Obviamente, eu não esperava que o filme consistisse em duas horas de Timothée Chalamet aprendendo a torturar crianças e escravizar sociedades inteiras – afinal, Hollywood não aceitaria esse risco criativo. Mas, quando tudo que sobra do personagem é uma cartola e a noção de “homem mágico do chocolate”, passa a ser difícil não enxergar a produção como um produto sem alma e pingando cinismo.
Ainda assim, não foi exatamente isso o que aconteceu. Com isso, escrever sobre Wonka é uma experiência particularmente difícil e admito que preferiria só não gostar do filme, sem fazer nenhuma reserva.
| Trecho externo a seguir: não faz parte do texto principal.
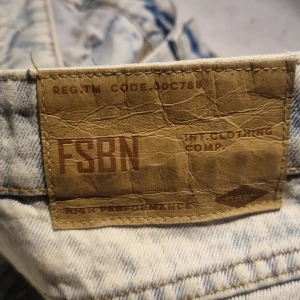 Ljusblå acid wash jeans från FSBN - Säljer ett par ljusblå acid wash jeans från FSBN med klassisk femficksdesign och raka ben. Jeansen har en cool tvättad look och är tillverkade i bomull. Perfekta för dig som gillar en avslappnad och trendig stil.
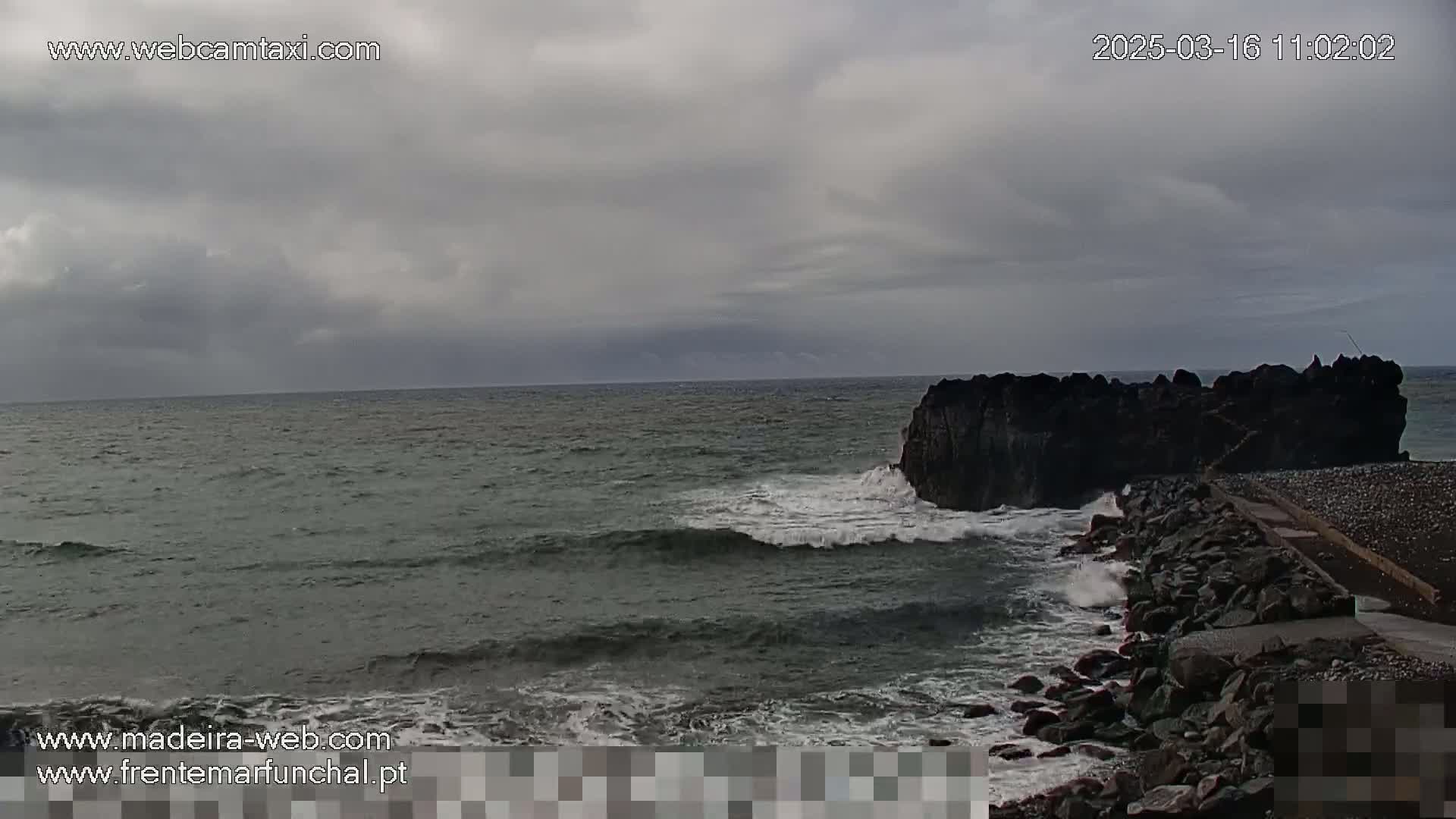 A rocky outcrop in the ocean is partially surrounded by a wave-washed, rocky shore under a cloudy sky.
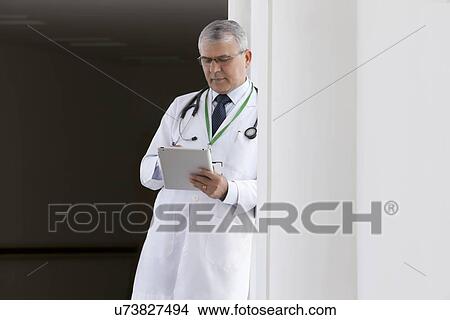 Doctor with a digital tablet View Large Photo Image Picture - Doctor with a digital tablet. Fotosearch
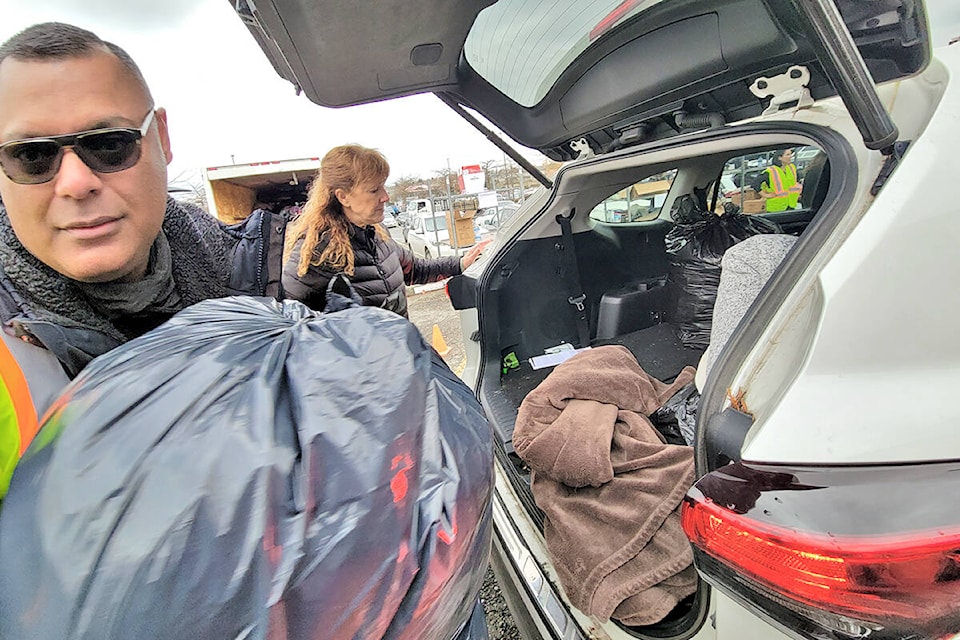 A Langley drive-thru donation drive to help Abbotsford flood victims raised more than $57,000 and filled three five-ton trucks on Saturday, Nov. 20. (Dan Ferguson/Langley Advance Times)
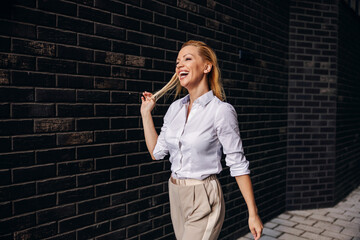 Side view of gorgeous blond fashionable businesswoman walking on the street.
Dirigido por Paul King, Wonka tem uma história estranha, em que um jovem Willy Wonka (Timothée Chalamet), recém-chegado de uma viagem pelo mundo, sonha em abrir sua própria loja de chocolates para honrar uma promessa feita com a mãe (Sally Hawkins). Porém, ao encontrar a resistência da polícia local e dos membros do “cartel do chocolate”, ele se vê empobrecido e forçado a trabalhar para Mrs. Scrubbit (Olivia Colman). Então, ele conhece a órfã Noodle (Calah Lane) e outras pessoas na mesma situação, encontrando nestas amizades a possibilidade de escapar da servidão e de realizar seu sonho.
Com números musicais competentes (mas longe de oferecerem o nível de “grudência” que considero ideal), um roteiro leve, certa sagacidade e um clima fantástico suficientemente interessante, Wonka certamente não é a casca vazia corporativa que eu esperava. A produção tem diversos momentos genuínos, especialmente ao explorar coadjuvantes, e se diverte ao poder trazer personagens caricatos e mesclar todos esses elementos.
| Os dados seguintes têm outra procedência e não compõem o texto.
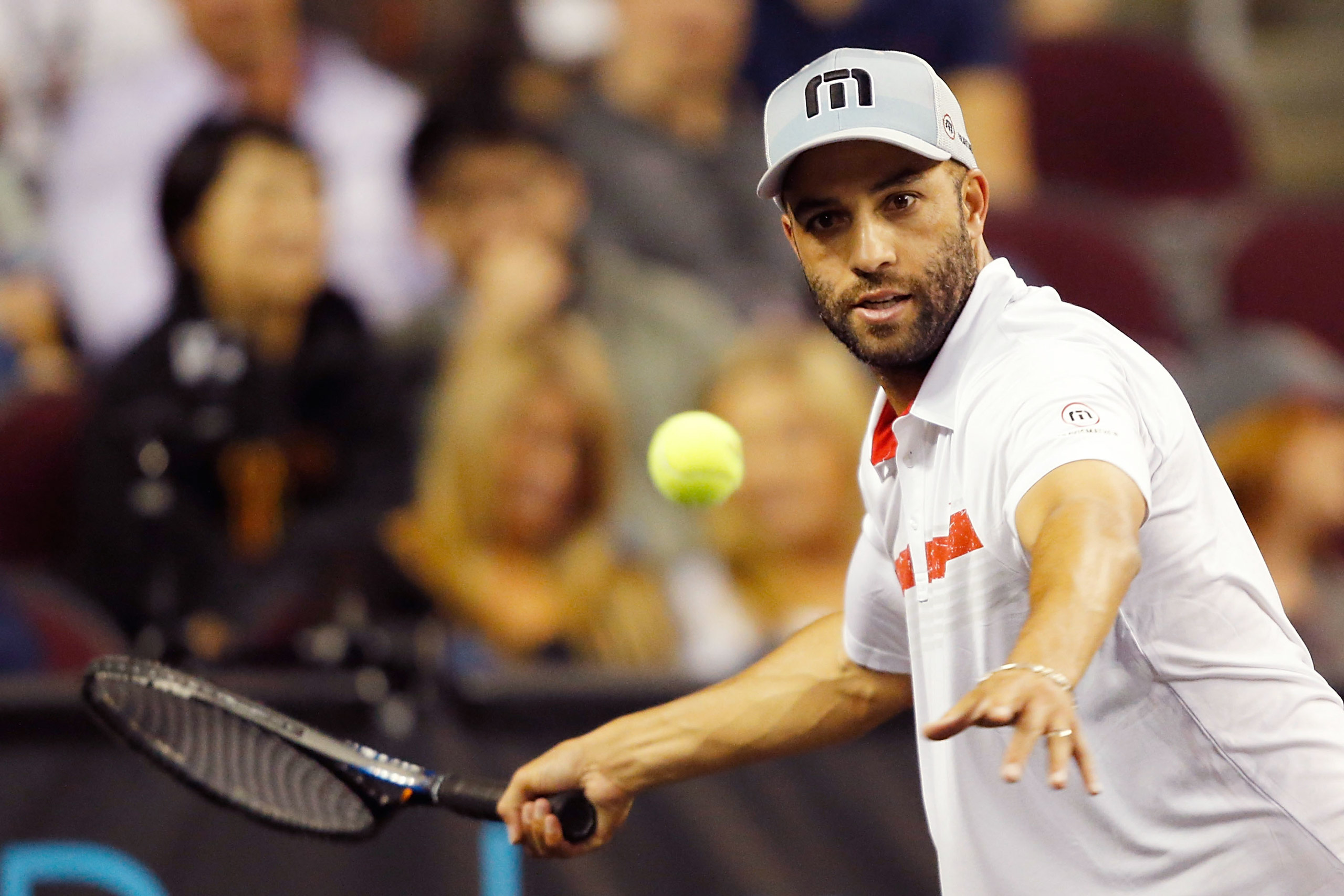 LOS ANGELES, CA - MARCH 25: James Blake returns a shot to Andy Roddick during the PowerShares Series SoCal Honda Dealers Helpful Cup at Galen Center on March 25, 2015 in Los Angeles, California. (Photo by Joe Scarnici/Getty Images)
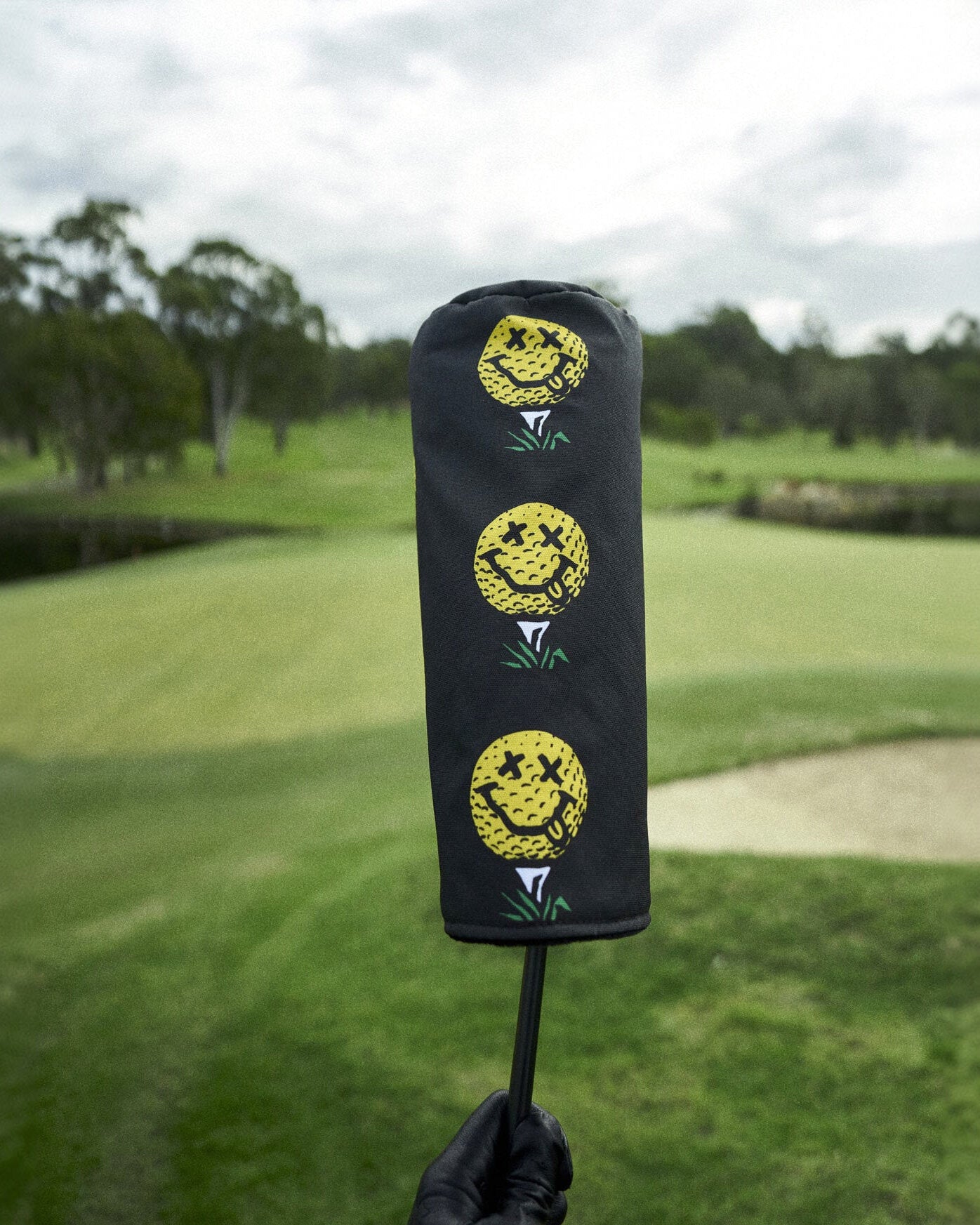 Black golf headcover featuring a vertical stack of three yellow smiley face golf ball graphics.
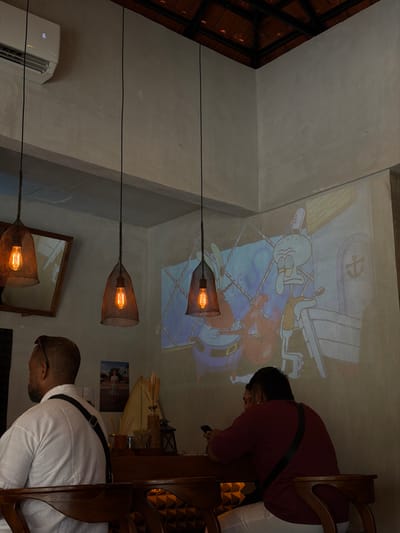 An indoor scene features three hanging lamps with caged Edison bulbs, descending vertically. Two people are partially visible at a table, one in a white shirt and the other in a red shirt, seemingly focused on their phones. A Spongebob Squarepants cartoon is projected onto the ceiling. A mirror and a small picture frame adorn the wall, alongside an air conditioner.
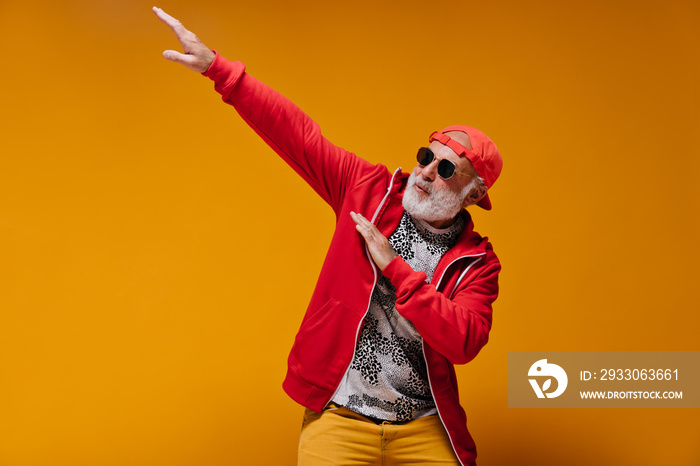 White bearded man in sunglasses and cap posing on orange background. Cool guy in red hoodie and leopard print t-shirt has fun..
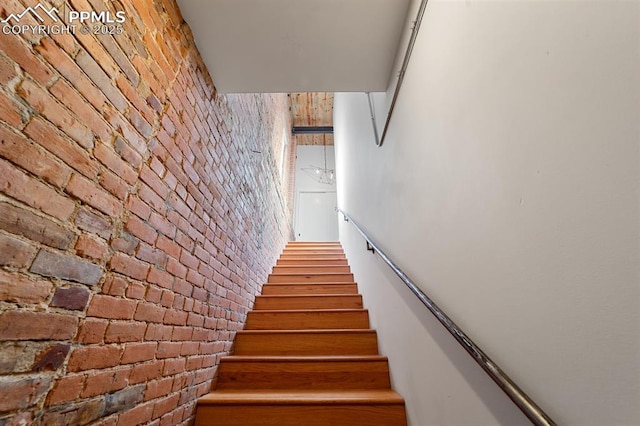 423 W 4th St, Pueblo, CO 81003 - stairway featuring brick wall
Infelizmente, esses elementos positivos não apagam completamente a noção inicial de que este é um filme absolutamente desnecessário. Pior ainda, ele é antiético ao personagem. Por isso, é até difícil respeitar a performance de Chalamet, que se esforça, mas que não consegue convencer no papel – em grande parte, por causa da maneira que foi escrito. Este protagonista pouco lembra a veia sardônica de Wilder ou até mesmo a esquisitice quase alienígena de Johnny Depp, sendo uma versão inofensiva e meio sem graça do personagem, que legitimamente não parece que se tornará o Willy Wonka que conhecemos.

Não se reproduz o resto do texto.